[Work instruction] Please repeat word for word the line containing "Serpenti Forever card" and every following line up to and including the last one below, pictures excluded.

Scraped caption text data

----

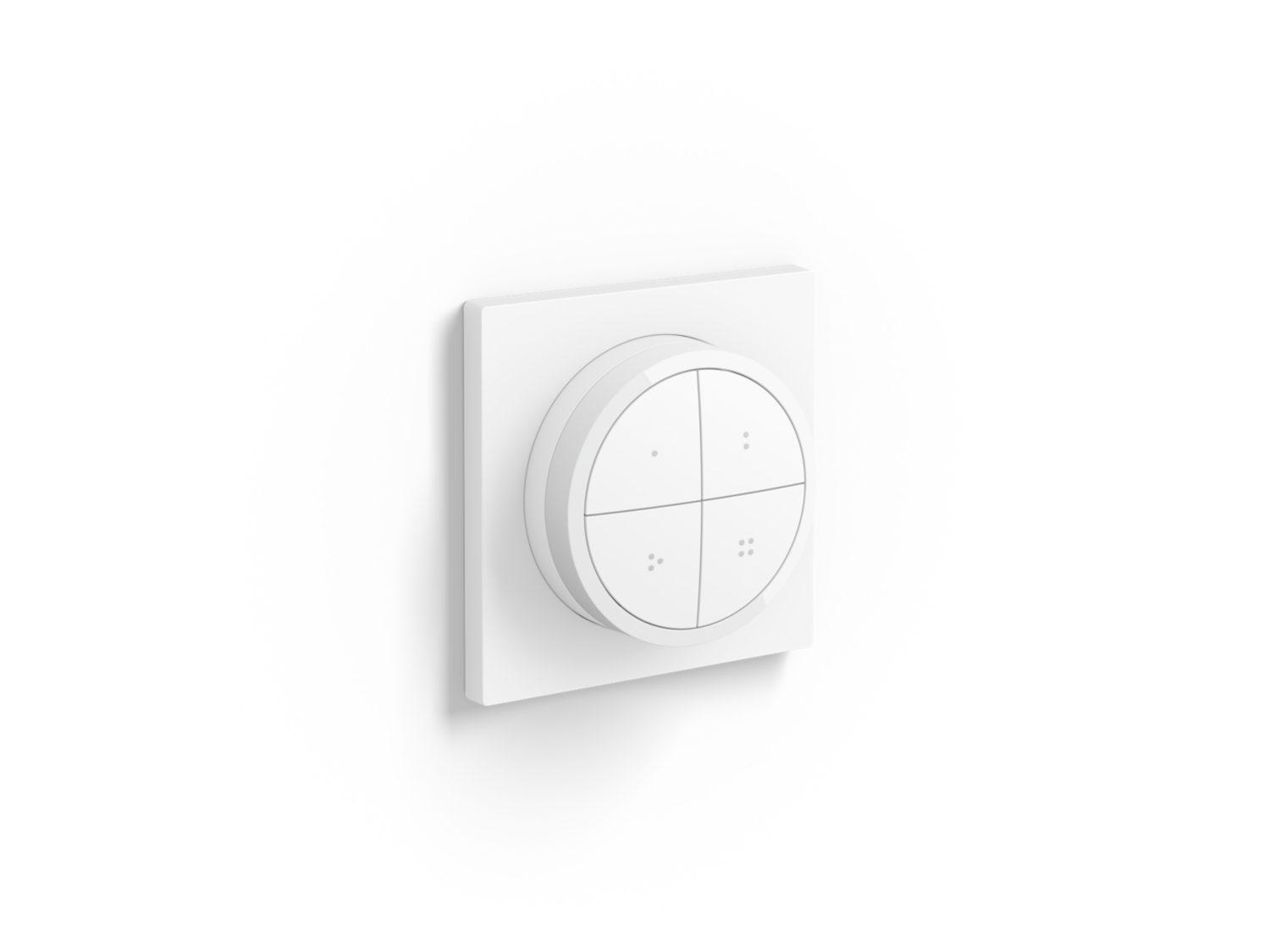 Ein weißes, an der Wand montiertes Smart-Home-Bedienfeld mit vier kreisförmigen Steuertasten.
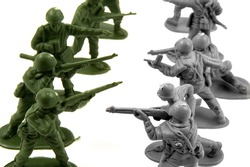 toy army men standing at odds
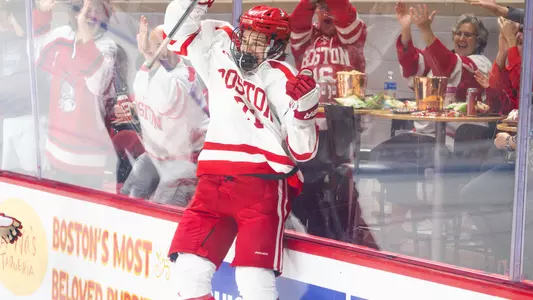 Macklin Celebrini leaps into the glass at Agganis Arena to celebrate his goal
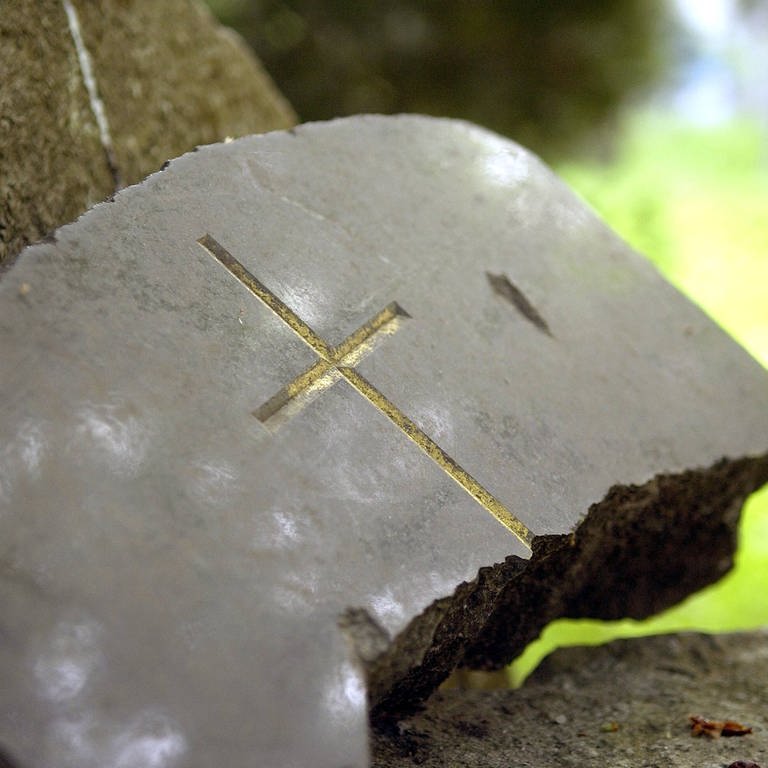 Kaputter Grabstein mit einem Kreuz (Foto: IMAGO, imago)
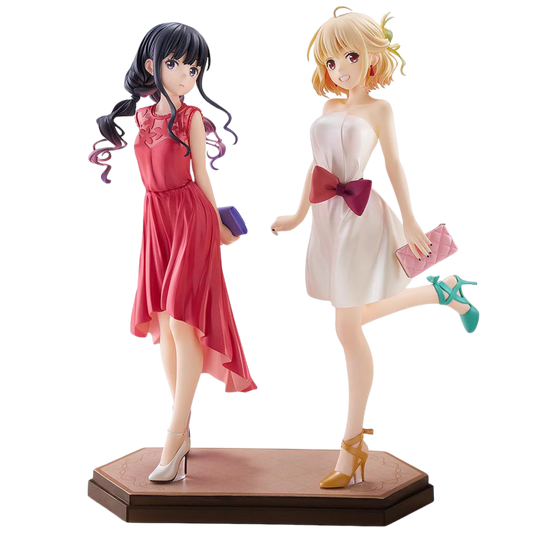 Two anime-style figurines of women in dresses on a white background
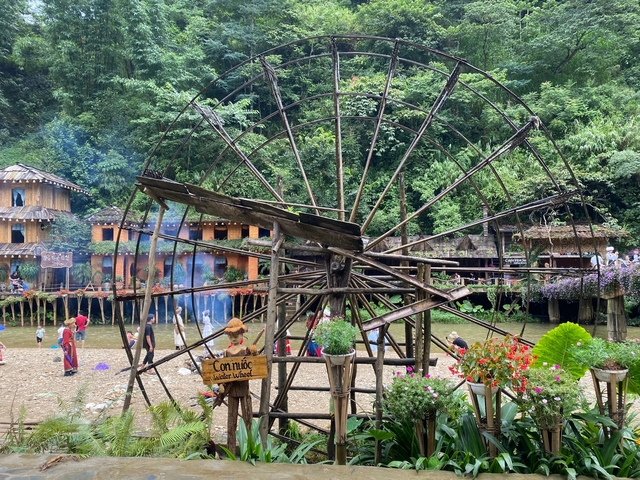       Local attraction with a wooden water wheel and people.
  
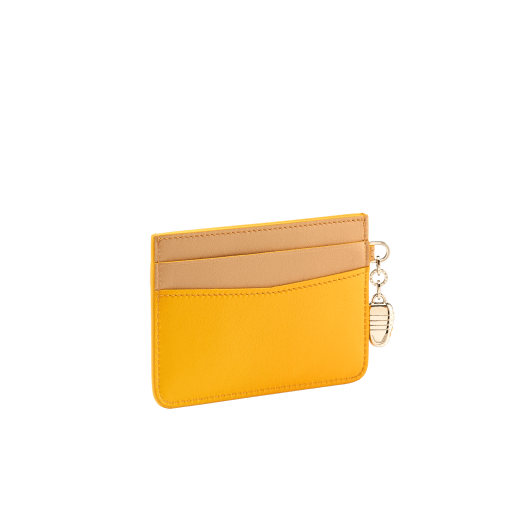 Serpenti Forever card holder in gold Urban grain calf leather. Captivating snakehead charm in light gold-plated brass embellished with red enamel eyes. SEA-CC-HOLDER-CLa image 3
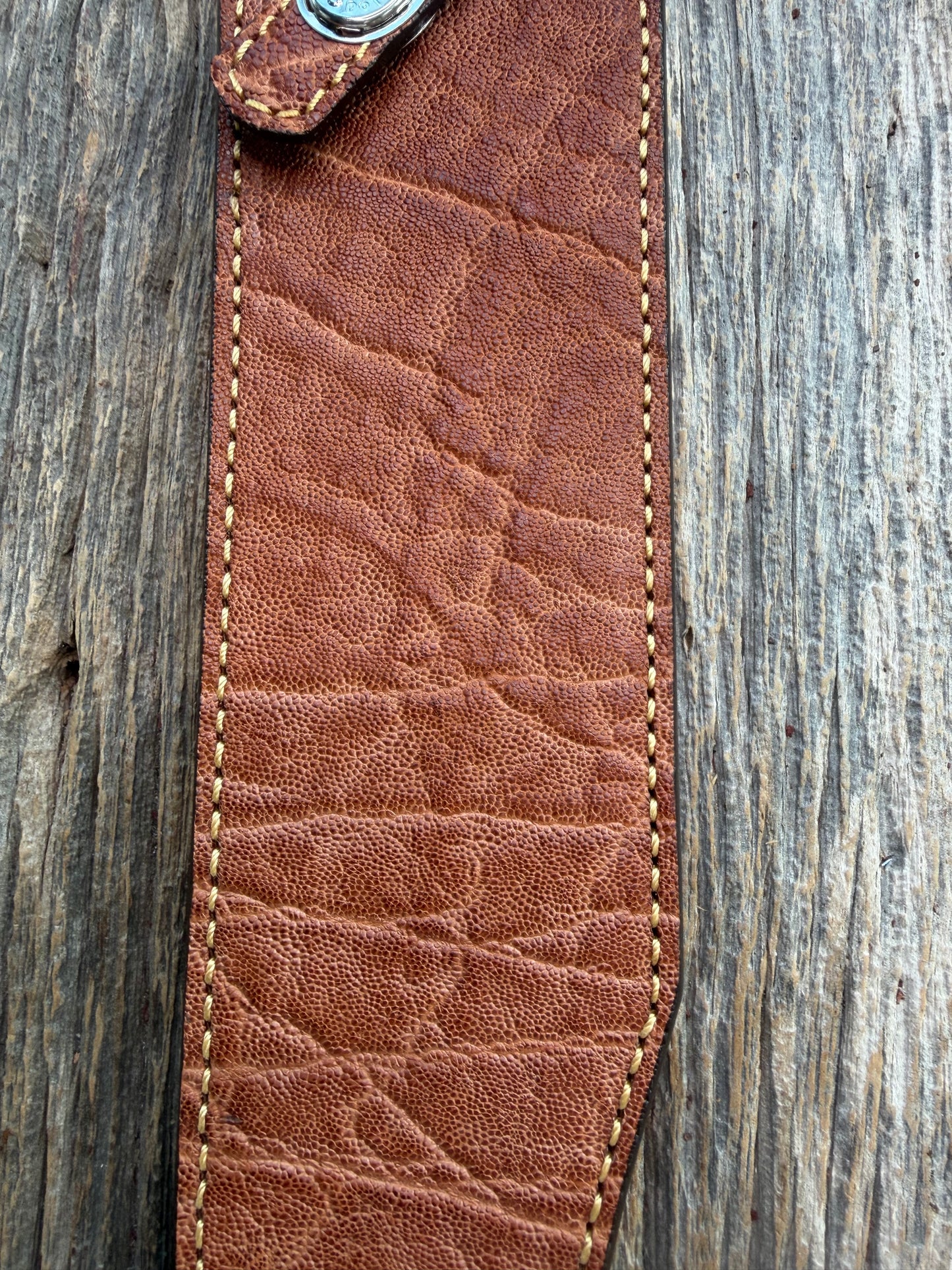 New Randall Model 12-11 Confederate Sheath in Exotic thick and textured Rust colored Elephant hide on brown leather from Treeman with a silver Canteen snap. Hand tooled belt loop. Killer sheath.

----

[Task response]
 Serpenti Forever card holder in gold Urban grain calf leather. Captivating snakehead charm in light gold-plated brass embellished with red enamel eyes. SEA-CC-HOLDER-CLa image 3
 New Randall Model 12-11 Confederate Sheath in Exotic thick and textured Rust colored Elephant hide on brown leather from Treeman with a silver Canteen snap. Hand tooled belt loop. Killer sheath.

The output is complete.